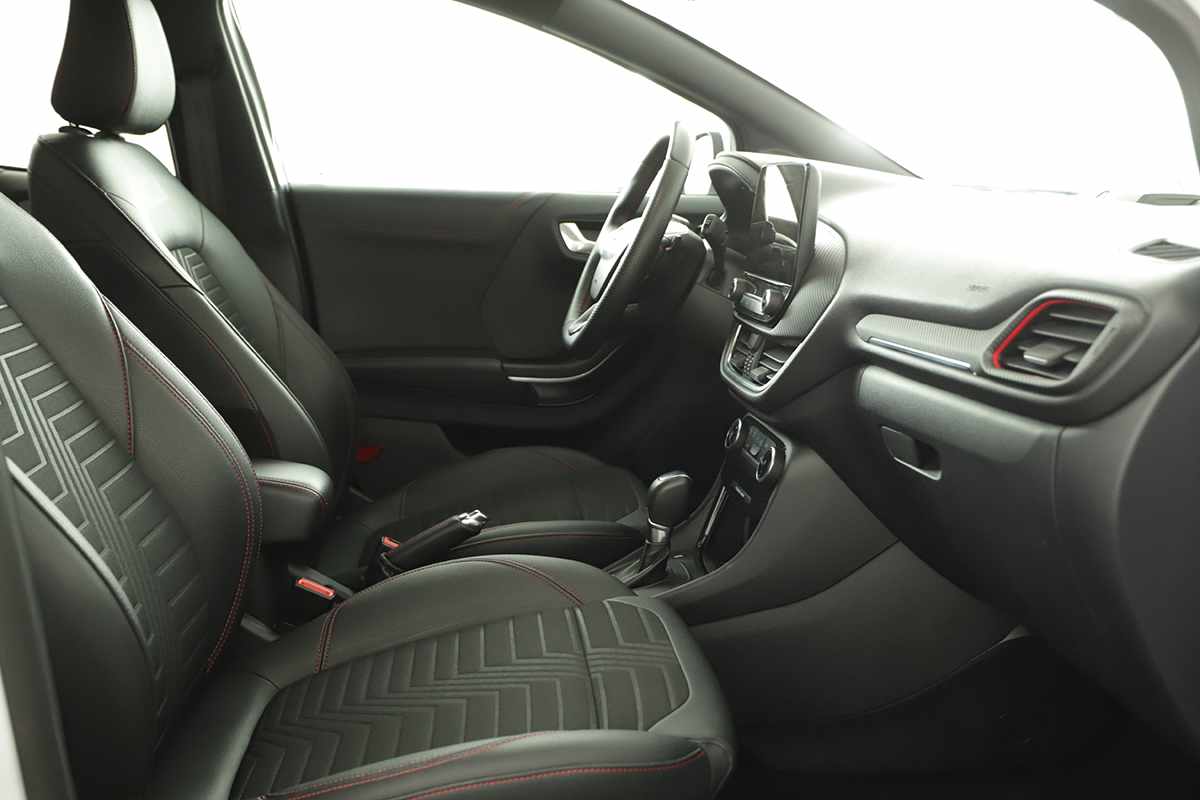 ford-puma-2022-gasolina-998cc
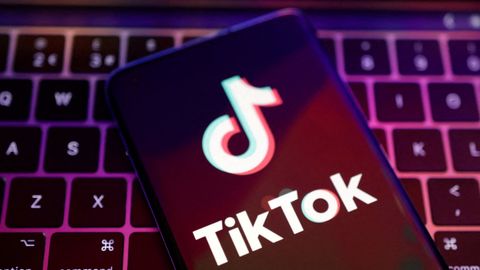 TikTok Turkiyada oilaviy qadriyatlarga ta&rsquo;siri tufayli bloklanishi mumkin&nbsp;&nbsp;&nbsp;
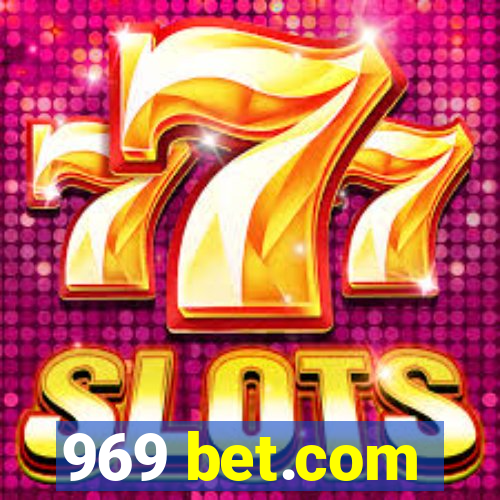 969 bet.com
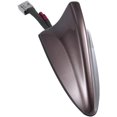 thumbnail image 5 of 96210-2W200 GPS Antenna Fin Antenna for Shengda IX45 13-15, 5 of 5
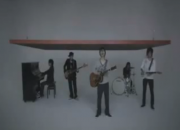 �摜(180x130)�E�g��摜(472x341)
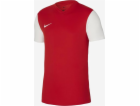 Nike Tričko Nike Tiempo Premier II JSY DH8035 657 DH8035 ...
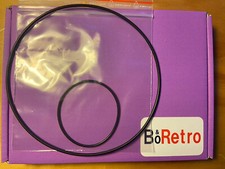 Cinghia trasmissione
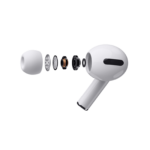 G-Tab Air 9 Pro Earbuds - Image 4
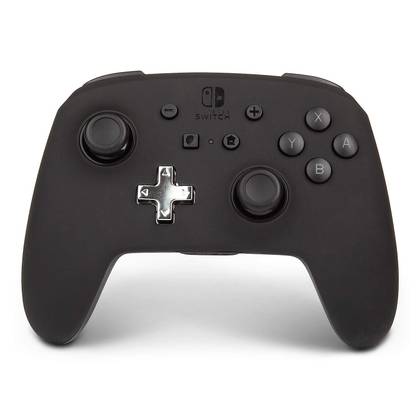 PowerA Enhanced Nintendo Switch Controller Wireless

******

**Task details**. Only the lines from the one containing "G-Tab Air 9 Pro Earbuds - Image 4" through the last line of the entries belong in the answer, given again exactly. Images stay out.

**Your response**.
 G-Tab Air 9 Pro Earbuds - Image 4
 PowerA Enhanced Nintendo Switch Controller Wireless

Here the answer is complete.